/*
* Copyright 2016 Christoph Böhme
*
* Licensed under the Apache License, Version 2.0 the "License";
* you may not use this file except in compliance with the License.
* You may obtain a copy of the License at
*
* http://www.apache.org/licenses/LICENSE-2.0
*
* Unless required by applicable law or agreed to in writing, software
* distributed under the License is distributed on an "AS IS" BASIS,
* WITHOUT WARRANTIES OR CONDITIONS OF ANY KIND, either express or implied.
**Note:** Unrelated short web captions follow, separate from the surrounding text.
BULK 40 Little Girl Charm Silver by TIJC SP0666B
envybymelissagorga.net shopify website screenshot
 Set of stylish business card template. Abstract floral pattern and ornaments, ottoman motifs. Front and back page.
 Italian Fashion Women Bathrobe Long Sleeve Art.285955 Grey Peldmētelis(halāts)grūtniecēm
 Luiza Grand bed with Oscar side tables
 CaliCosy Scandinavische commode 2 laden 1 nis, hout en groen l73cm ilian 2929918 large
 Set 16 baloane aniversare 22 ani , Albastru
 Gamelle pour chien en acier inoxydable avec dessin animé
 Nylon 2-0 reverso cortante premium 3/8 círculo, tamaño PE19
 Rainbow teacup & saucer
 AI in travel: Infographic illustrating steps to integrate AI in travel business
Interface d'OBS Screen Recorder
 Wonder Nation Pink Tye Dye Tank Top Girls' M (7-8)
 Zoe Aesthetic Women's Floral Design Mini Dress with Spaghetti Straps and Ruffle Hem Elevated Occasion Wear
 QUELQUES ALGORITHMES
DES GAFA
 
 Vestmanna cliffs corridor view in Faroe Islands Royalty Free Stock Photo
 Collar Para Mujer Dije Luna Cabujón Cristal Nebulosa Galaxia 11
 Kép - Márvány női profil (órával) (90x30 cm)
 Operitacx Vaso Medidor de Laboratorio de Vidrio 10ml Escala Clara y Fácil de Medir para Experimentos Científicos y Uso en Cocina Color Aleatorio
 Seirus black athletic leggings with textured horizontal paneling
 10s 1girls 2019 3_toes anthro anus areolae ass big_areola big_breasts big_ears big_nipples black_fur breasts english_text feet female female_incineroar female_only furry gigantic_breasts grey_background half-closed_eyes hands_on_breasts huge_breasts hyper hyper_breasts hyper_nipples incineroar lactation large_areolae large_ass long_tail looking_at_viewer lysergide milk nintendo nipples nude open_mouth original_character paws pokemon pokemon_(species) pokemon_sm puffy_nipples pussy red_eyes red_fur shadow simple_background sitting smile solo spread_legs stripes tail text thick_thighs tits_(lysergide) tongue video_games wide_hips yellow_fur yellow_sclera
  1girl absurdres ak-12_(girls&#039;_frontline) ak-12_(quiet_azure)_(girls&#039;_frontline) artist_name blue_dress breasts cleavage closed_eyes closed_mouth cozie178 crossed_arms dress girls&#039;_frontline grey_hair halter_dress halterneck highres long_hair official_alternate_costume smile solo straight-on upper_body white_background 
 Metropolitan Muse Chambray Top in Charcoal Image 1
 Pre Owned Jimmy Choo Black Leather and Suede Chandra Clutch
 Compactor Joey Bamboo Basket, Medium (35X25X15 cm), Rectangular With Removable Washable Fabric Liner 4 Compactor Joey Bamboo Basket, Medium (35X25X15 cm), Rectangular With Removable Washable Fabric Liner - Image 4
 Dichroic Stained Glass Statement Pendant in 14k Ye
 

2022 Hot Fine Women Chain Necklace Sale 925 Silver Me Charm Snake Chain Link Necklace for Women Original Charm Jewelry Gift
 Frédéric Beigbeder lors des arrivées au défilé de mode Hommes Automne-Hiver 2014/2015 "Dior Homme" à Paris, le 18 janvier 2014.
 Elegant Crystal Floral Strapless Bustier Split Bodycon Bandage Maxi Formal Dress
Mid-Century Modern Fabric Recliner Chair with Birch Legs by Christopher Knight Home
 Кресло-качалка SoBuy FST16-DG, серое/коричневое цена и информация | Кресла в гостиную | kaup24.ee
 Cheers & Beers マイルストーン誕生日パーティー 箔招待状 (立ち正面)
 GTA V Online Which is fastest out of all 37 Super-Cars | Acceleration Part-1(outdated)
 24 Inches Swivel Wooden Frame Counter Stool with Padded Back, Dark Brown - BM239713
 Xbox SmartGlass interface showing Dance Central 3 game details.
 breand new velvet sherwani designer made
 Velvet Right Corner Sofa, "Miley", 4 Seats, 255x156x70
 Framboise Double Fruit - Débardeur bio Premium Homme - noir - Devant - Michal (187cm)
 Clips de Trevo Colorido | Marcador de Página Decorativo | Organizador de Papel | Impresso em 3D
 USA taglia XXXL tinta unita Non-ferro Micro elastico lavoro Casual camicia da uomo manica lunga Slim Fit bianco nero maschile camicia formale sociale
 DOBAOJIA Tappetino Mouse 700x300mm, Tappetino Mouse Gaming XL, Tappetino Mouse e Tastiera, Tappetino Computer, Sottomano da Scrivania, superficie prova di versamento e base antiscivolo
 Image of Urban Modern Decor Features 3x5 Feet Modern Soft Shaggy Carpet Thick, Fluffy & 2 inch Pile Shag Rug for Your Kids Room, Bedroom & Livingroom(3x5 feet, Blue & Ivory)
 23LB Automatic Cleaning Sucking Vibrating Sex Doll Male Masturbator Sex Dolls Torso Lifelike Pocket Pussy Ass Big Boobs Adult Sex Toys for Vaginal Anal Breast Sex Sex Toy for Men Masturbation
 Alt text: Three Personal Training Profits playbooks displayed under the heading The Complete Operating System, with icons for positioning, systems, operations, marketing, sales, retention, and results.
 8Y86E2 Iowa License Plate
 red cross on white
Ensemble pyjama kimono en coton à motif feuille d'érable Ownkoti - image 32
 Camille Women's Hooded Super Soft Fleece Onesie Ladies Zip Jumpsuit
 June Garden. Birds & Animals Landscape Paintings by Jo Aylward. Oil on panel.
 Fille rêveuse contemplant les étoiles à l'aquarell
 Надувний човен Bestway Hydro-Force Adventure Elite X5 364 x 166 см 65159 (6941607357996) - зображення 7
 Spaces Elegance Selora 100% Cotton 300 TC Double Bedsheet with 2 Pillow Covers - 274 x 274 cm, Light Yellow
* See the License for the specific language governing permissions and
* limitations under the License.
*/
package org.culturegraph.mf.biblio.marc21;
import org.culturegraph.mf.biblio.iso2709.FieldHandler;
import org.culturegraph.mf.biblio.iso2709.Record;
import org.culturegraph.mf.biblio.iso2709.RecordFormat;
import org.culturegraph.mf.framework.FluxCommand;
import org.culturegraph.mf.framework.FormatException;
import org.culturegraph.mf.framework.MissingIdException;
import org.culturegraph.mf.framework.StreamReceiver;
import org.culturegraph.mf.framework.annotations.Description;
import org.culturegraph.mf.framework.annotations.In;
import org.culturegraph.mf.framework.annotations.Out;
import org.culturegraph.mf.framework.helpers.DefaultObjectPipe;
/**
* Decodes MARC 21 records into an event stream. This decoder only processes
* single records. Input data containing multiple records must be split into
* individual records before passing it to this decoder.
* <p>
* This decoder extracts the following parts from MARC 21 records:
* <ul>
* <li>bibliographic information in the record leader,
* <li>record identifier,
* <li>control fields,
* <li>data fields.
* </ul>
* This decoder only supports MARC 21 records with UTF-8 encoding. Other
* character coding schemes are not supported. A {@link FormatException} is
* thrown if a record with an unsupported coding scheme is encountered.
* <p>
* The bibliographic information in the record leader is
* <ul>
* <li>record status,
* <li>record type,
* <li>bibliographic level,
* <li>type of control,
* <li>character coding scheme,
* <li>encoding level,
* <li>descriptive cataloging form,
* <li>multipart resource record level.
* </ul>
* This information is emitted as an entity named
* "{@value Marc21EventNames#LEADER_ENTITY}". It is emitted directly
* after the <i>start-record</i> event. The entity contains the following
* literals:
* <ol>
* <li>{@value Marc21EventNames#RECORD_STATUS_LITERAL}
* <li>{@value Marc21EventNames#RECORD_TYPE_LITERAL}
* <li>{@value Marc21EventNames#BIBLIOGRAPHIC_LEVEL_LITERAL}
* <li>{@value Marc21EventNames#TYPE_OF_CONTROL_LITERAL}
* <li>{@value Marc21EventNames#CHARACTER_CODING_LITERAL}
* <li>{@value Marc21EventNames#ENCODING_LEVEL_LITERAL}
* <li>{@value Marc21EventNames#CATALOGING_FORM_LITERAL}
* <li>{@value Marc21EventNames#MULTIPART_LEVEL_LITERAL}
* </ol>
* The literals are emitted in the order in which they are listed here. The
* values of these literals are the characters at the corresponding
* positions in the record leader (see
* <a href="http://www.loc.gov/marc/bibliographic/bdleader.html">MARC 21
* Standard: Record Leader</a> for a description of the allowed values). The
* literal values are always only single characters. As this decoder only
* supports MARC 21 records with UTF-8 encoding, the value of the <i>literal
* "{@value Marc21EventNames#CHARACTER_CODING_LITERAL}"</i> will
* always be "a".
* <p>
* For example, given a record with the leader
* <pre>
* 00128noa a2200073zu 4500
* </pre>
* the following event stream will be emitted:
* <pre>
* start-record "1"
* start-entity "{@value Marc21EventNames#LEADER_ENTITY}"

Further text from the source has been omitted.